EXERCISE BRIEF
Please reproduce the listing word for word. Pictures stay out.

DATA BLOCK
________________

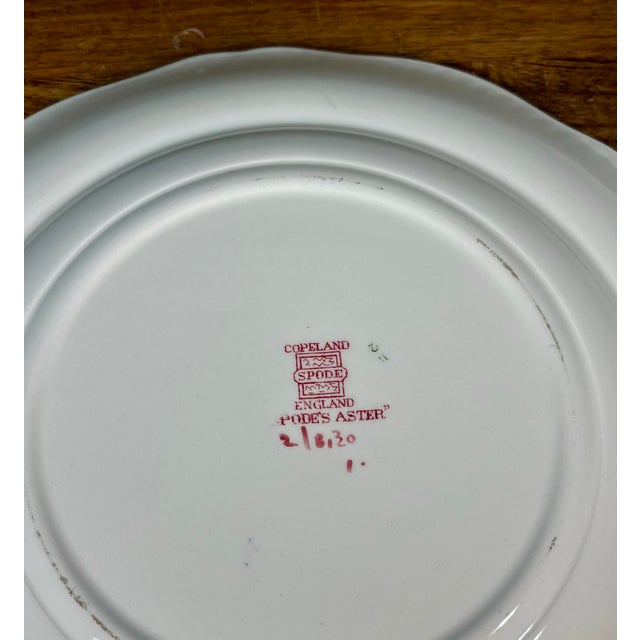 Mid 20th Century Spode (England) Aster Red Dinner Plates - a Pair For Sale In Orlando - Image 6 of 7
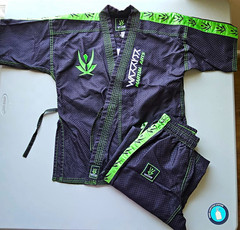 Martial Arts Gi Set Jacket & Pants Size 2 Black/Green Jui Jitsu, Karate Uniform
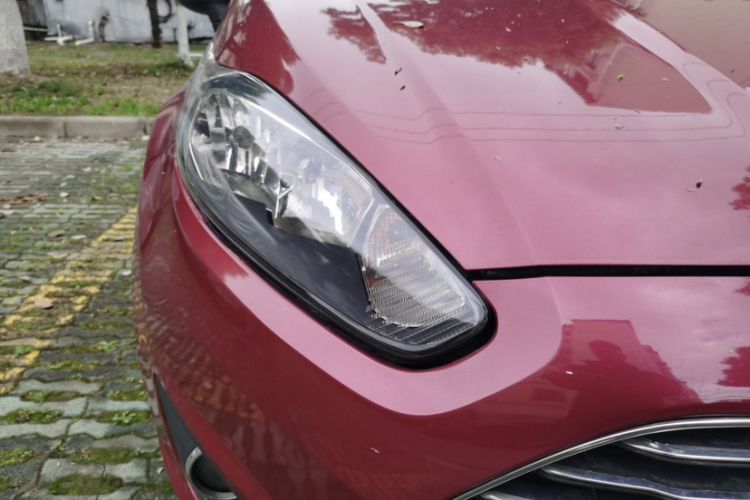 Used Ford Fiesta 2013 Sedan 1.5L Automatic Fashion Edition Exterior 3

________________

EXERCISE OUTPUT
 Mid 20th Century Spode (England) Aster Red Dinner Plates - a Pair For Sale In Orlando - Image 6 of 7
 Martial Arts Gi Set Jacket & Pants Size 2 Black/Green Jui Jitsu, Karate Uniform
 Used Ford Fiesta 2013 Sedan 1.5L Automatic Fashion Edition Exterior 3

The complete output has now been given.